Jun 24, 2016 04:51 AM EDT
ESA Attempts To Land Probe On Comet
This November 13, 2014 handout photo provided by the European Space Agency (ESA) shows the surface of the 67P/Churyumov-Gerasimenko comet as seen from the Philae lander, which landed on the comet's surface yesterday. ESA, despite some malfunctions on the Philae craft, successfully landed it on the comet on November 12, 2014 making it the first man-made craft to ever land on a comet.
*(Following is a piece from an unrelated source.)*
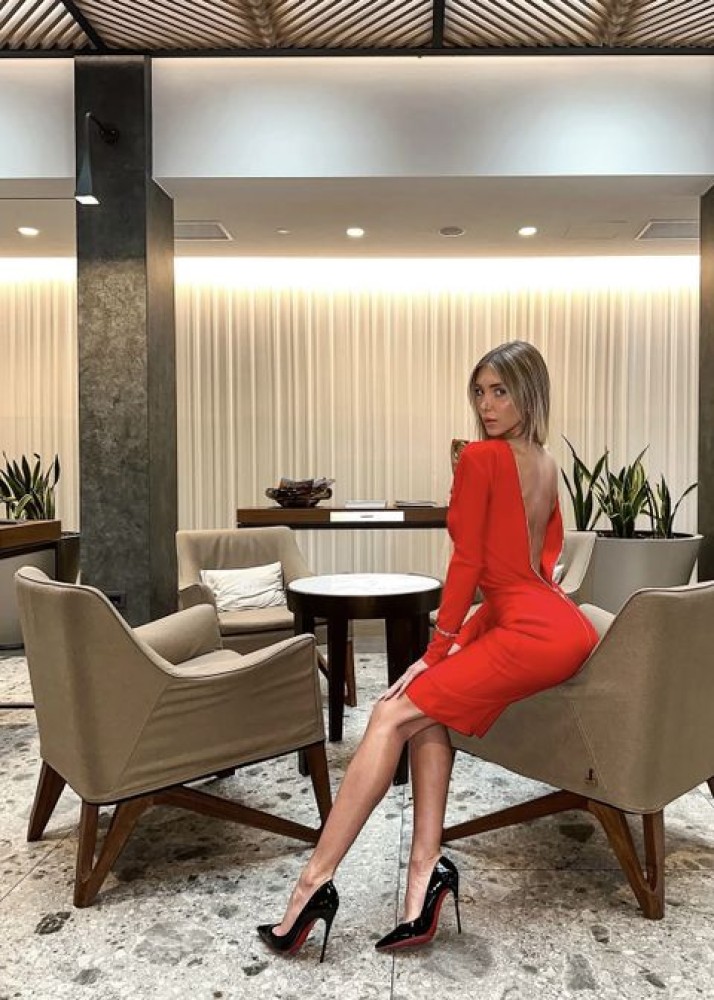 Индивидуалка Алина фото № 2 в городе Трёхгорный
The Philae lander, launched from the Rosetta probe, is a mini laboratory that will gather data on the comet.
(Photo : ESA via Getty Images)

A scent inspired by the 67P comet was created by a British scent firm, and it's not the most delightful of aromas.

The perfume inspired by the 67P comet, also known as Rosetta's comet, is a mixture of cat urine, rotten eggs and bitter almonds.

"I almost feel the smell as a physical presence inside my skull," wrote Jacob Aron of New Scientist after getting a whiff of the perfume for the first time.

Others in the team, though, said the smell is actually not so bad.

"I find it similar to lily," said Geraint Jones of University College London.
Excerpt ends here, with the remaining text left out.